Oh, and I like Hugh Hefner, he seems really nice and he prolly is a real gentleman


----------



## Beauty Mark (Mar 5, 2007)

I can't get over the negative/weird stuff I've read about the Playboy mansion, Holly, and Hef to watch the show.


----------



## Janice (Mar 5, 2007)

I like Kendra the most of the trio


----------



## little teaser (Mar 5, 2007)

i watch it too. i like em all, there all diffrent enough to be intresting.. and hef is a piMp


----------



## labwom (Mar 5, 2007)

I love this show! Kendra is definatley my fav!


----------



## DOLLface (Mar 5, 2007)

This is one of my favorites. I like them all, but Holly is probably favorite of the three. Kendra's laugh bothers me sometimes.


----------



## xsnowwhite (Mar 5, 2007)

ah i love this show and i completely forgot about it last night!
yeah i agree kendra is just plain annoying, especially that laugh! And holly is really pretty im way jealous.


----------



## coachkitten (Mar 5, 2007)

I think Holly is my favorite!  I like them all though.  I just think this show is so funny!


----------



## liquidstar (Mar 6, 2007)

Quote:

   Originally Posted by *Beauty Mark* 

 
_I can't get over the negative/weird stuff I've read about the Playboy mansion, Holly, and Hef to watch the show._

 
Do you have any examples? I'm curious now..lol


----------



## Beauty Mark (Mar 6, 2007)

I've read that the Playboy mansion is filthy (like literal dirt, not erotica), Holly is a control freak and manipulative (she's allegedly the reason why there aren't more women in the mansion), Hef is extremely controlling over the women's lives, Hef doesn't use condoms, there are sex nights where Hef "has sex" with several different women, one after the other. 

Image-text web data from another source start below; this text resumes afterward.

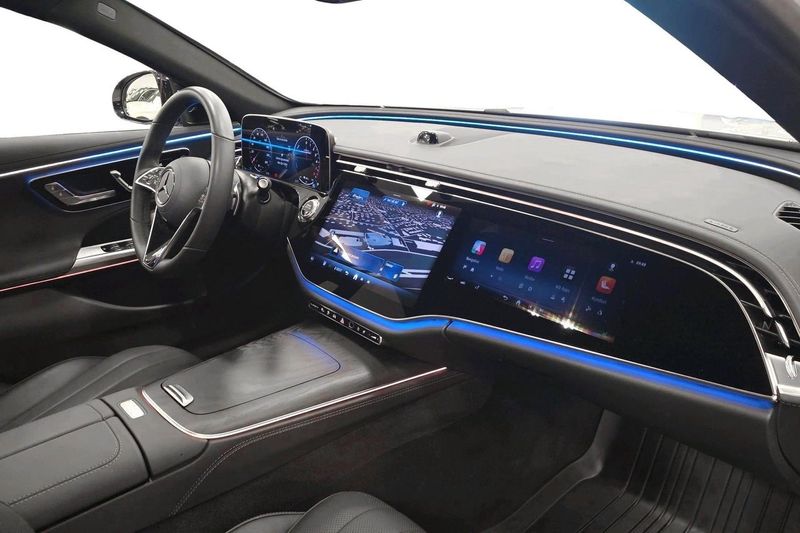 Mercedes E300 bild 13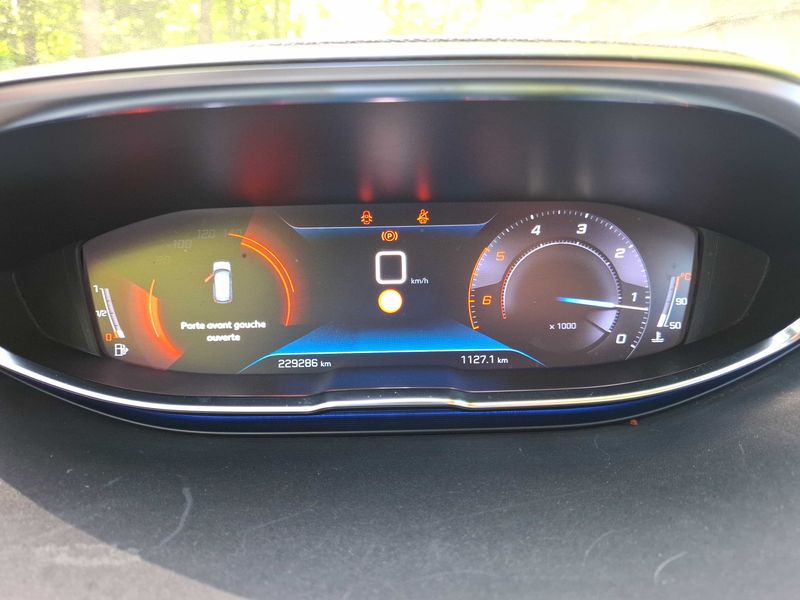 Peugeot 3008 1.5 Blue-HDi GT Line — zdjęcie 12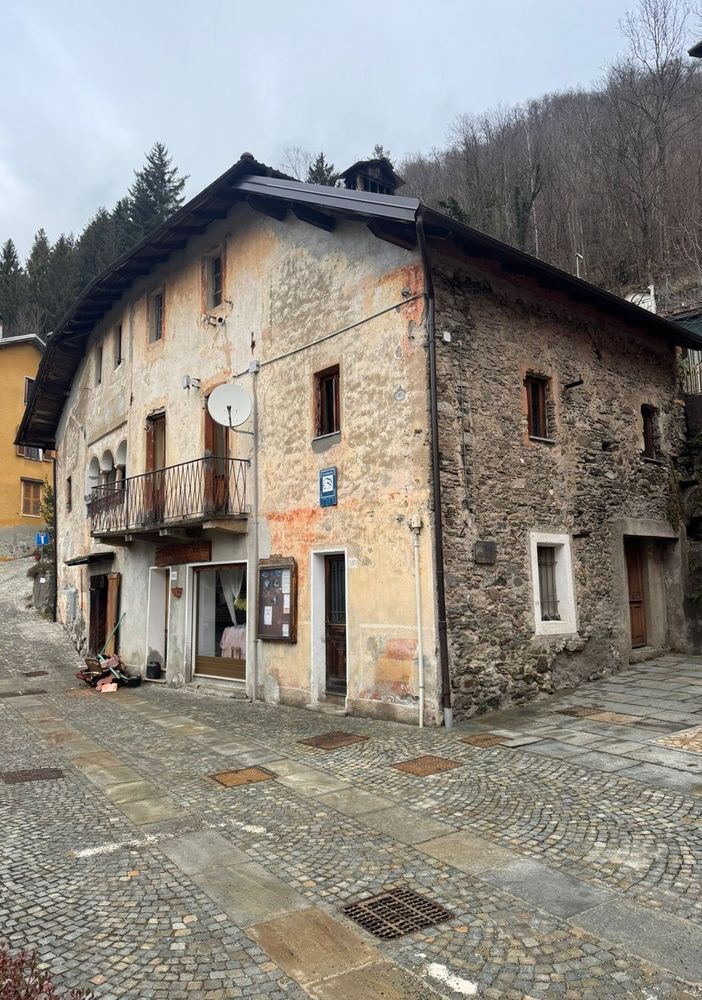 Lavori alla sede della Pro loco di Sabbia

TWOP's thread on 'The Girls Next Door' has most of the dirt, via the books written by two ex-Bunnies. I don't know if it's true or not (I think the part about Holly is true, as well as Hef being controlling is true), but it was eye-raising, to say the least.


----------



## Ethel (Mar 6, 2007)

You definitely get the sense from the show that Hef's a control freak. They have a curfew. Grown women with a curfew.


----------



## saniyairshad (Mar 8, 2007)

It makes for great TV but seriously Hugh Hefner to me is the farthest thing away from being a gentleman! I can totally see how Holly gets her 'control freak' thing. She is such a hog even on the show wanting to come back early from trips to be with Hef...blah blah...I think Kendra is my fav even though she seems immature and all SHE HAS THE MOST FANTABULOUS BODY AND THE MOST FLAWLESS, GORGEOUS, & GLOWING SKIN ever!!!!!!! Bridget to me seems like a great person, she's extremely caring and very loving (her dog and cat) she treats them like they're her kids. I love that about her. All in all this makes for great DRAMA...but otherwise like my fiancee puts it: "TRASH...ALL U WATCH IS TRASH
	

	
	
		
		

		
		
	


	




" Haha


----------



## Beauty Mark (Mar 8, 2007)

The real drama is going to hit once the show is over and they do their E! True Hollywood story. Allegedly, Bridget has a husband. Enough said, right?


----------



## MiCHiE (Mar 8, 2007)

OMG. This thread is SO much better than the show 
	

	
	
		
		

		
		
	


	




.


----------



## MxAxC-_ATTACK (Mar 8, 2007)

Quote:

   Originally Posted by *saniyairshad* 

 
_ "TRASH...ALL U WATCH IS TRASH
	

	
	
		
		

		
		
	


	




" Haha
	

	
	
		
		

		
		
	


	


_

 
haha I got this yesterday!  "how can you watch such trash?!" 

Its like a Train wreck!! I know its bad but I just.. cant...look...away..


----------



## MxAxC-_ATTACK (Mar 8, 2007)

..err


----------



## saniyairshad (Mar 10, 2007)

Quote:

   Originally Posted by *MxAxC-_ATTACK* 

 
_haha I got this yesterday!  "how can you watch such trash?!" 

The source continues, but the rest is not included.